Am still trying to simplify my life by reducing the number of funds/companies I have assets with ... I waaaay over-diversified many years ago.

Was on the phone with Fidelity today on another topic, went through my list of funds and determined which they could hold ... turns out is most of them and only a couple had a sales fee associated with it ($50) that is assessed only when the fund is finally sold.

Since the sale of these have tax consequences, I don't want to further simplify, yet - will do so when my taxable income is lower.

Has anyone done this with Fidelity?

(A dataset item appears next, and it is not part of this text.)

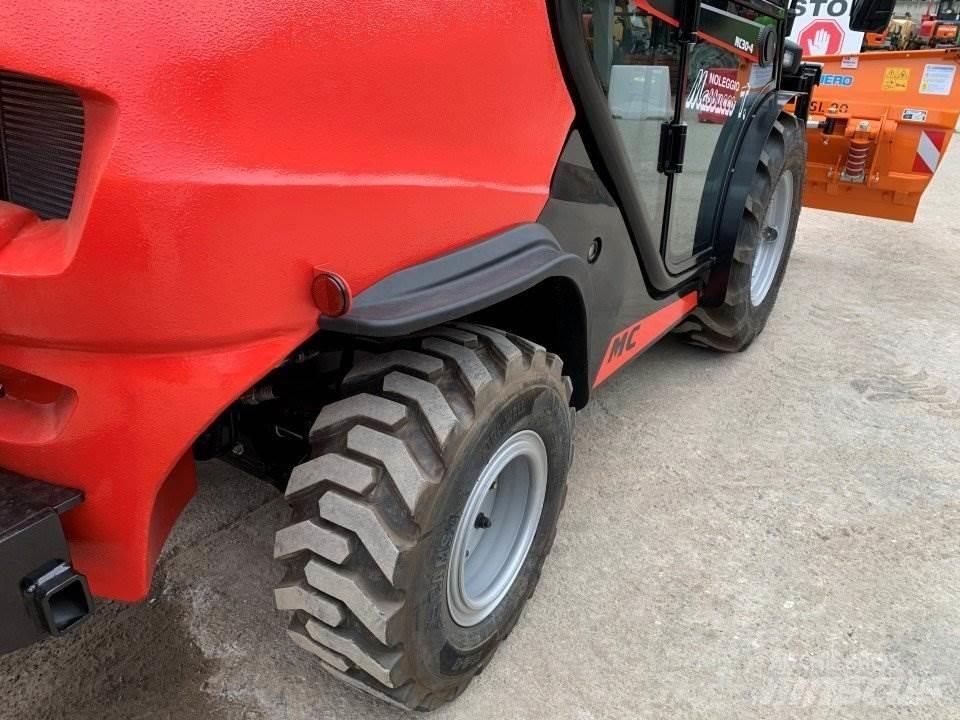 Manitou MC30-4 DK Dieseltrukit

Other companies? I have not yet checked with Vanguard.

I think I would like to "end up" with assets in more than one financial institution ... Vanguard has lowest cost index funds ... I kinda like the Fidelity brokerage account screens ...

Thoughts?

Thanks!
 
I have funds at Vanguard and a Brokerage account at Fido.

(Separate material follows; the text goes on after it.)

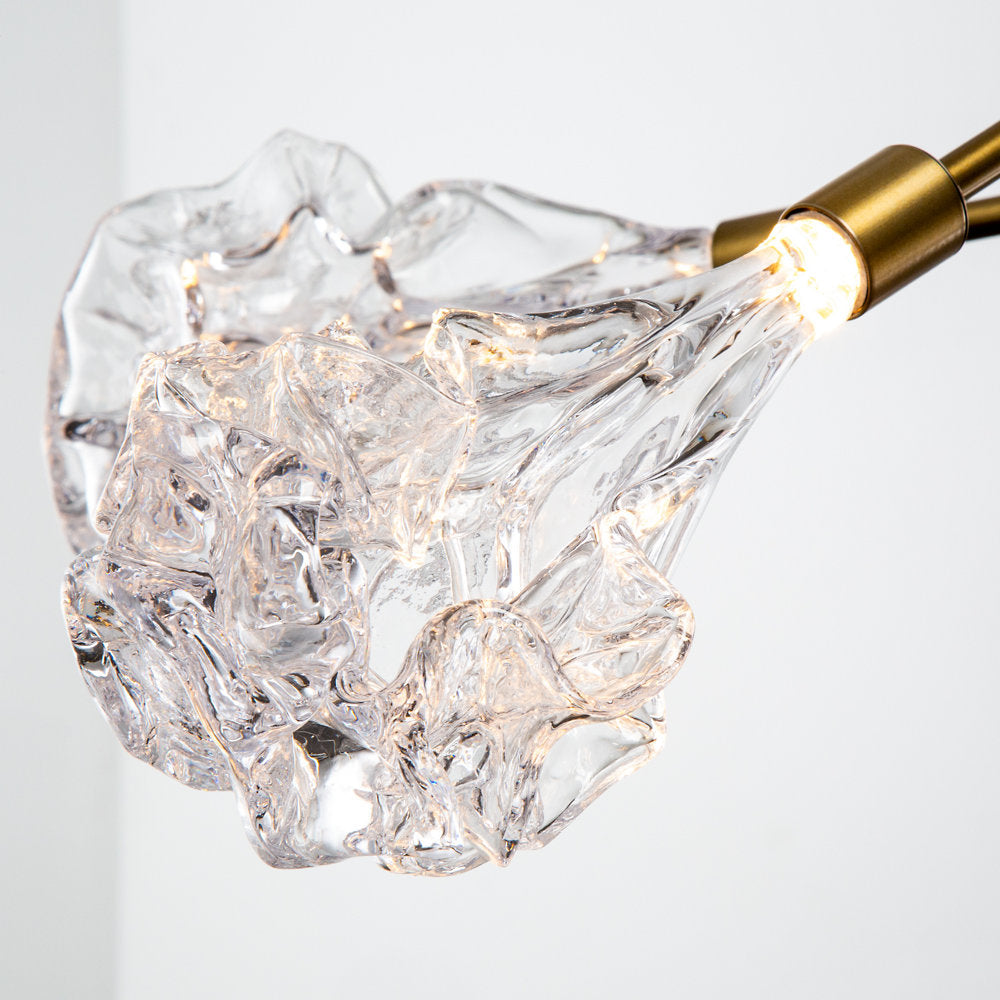 Blossom Modern Branch LED Chandelier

I also recently consolidated all of my mutual funds. I got it down to one fund. It was one of the target retirement funds at Vanguard, which is actually a balanced fund with an AA that I like.

-gauss


I still have complications due to the number of accounts that I have due to tax laws. (taxable, roth me, roth DW. trad IRA me, trad IRA DW, HSA me, HSA DW ....)
 
I have funds at Vanguard and a Brokerage account at Fido.

That would my route if I had a fidelity brokerage. I am not fan of fidelity funds or brokerage though :)

I would go with E*Trade or Schwab and build core of investment with things like VTI, VXUS, VWO, VIG.
 
I set my mom up at Fido with FUSVX (S&P 500), FSEVX (Total US ex S&P 500), FSGDX (World ex US), and FSITX (bonds). All index funds with 0.05% to 0.18% ER's. You can do fine at Fidelity unless you want more niche indexes or Vanguard's active funds.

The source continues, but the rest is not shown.